I have quite a few Eheim classic canister filters, most of which are more than 10 years old. They are quiet when the impeller and chamber are clean. Recently, I have replaced all of the Ehfisubstrat Pro (that is supplied) with Siporax. The Siporax seems to do a much better job of nitrate rduction than does the Ehfisubstrat Pro. 

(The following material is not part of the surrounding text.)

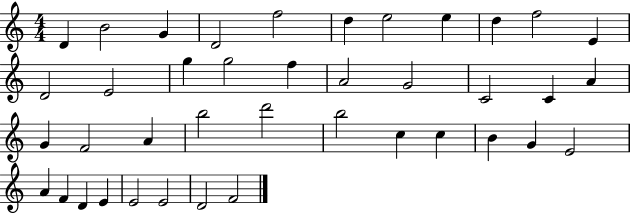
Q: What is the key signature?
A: C major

2215 or 2217 will be fine for your tank. 2217 might need to have the flow stopped down a bit. The newer Eheim filters are a bit easier to clean due to the media baskets. I have one of these as well (Pro III) and it seems a bit quieter to me. All in all, you can't go wrong with Eheim. They last almost forever, are easily repairable and do a fine job.

Bruce


----------



## PlantedRich (Jul 21, 2010)

It always pays to cross check info and this is one of those times?
I have not bought a 22217 lately. They do last a long time. That's good but then I don't find those I have bought have trays. One of the downsides to the older design, perhaps? Check that to be sure before buying. 
One of the things that led me to buy 2075 instead was the lack of trays in the Classic line. But then my plan to stay with Ehiem and the 2071 thru 2075 lineup with the trays, also fell through as they were removed from the market. 
So, while I was a die-hard Eheim fan, I am now moving to Sunsun when needing new filters. I find the 304B to be a good alternate for the 2217 but with some of the newer features like media trays, etc. 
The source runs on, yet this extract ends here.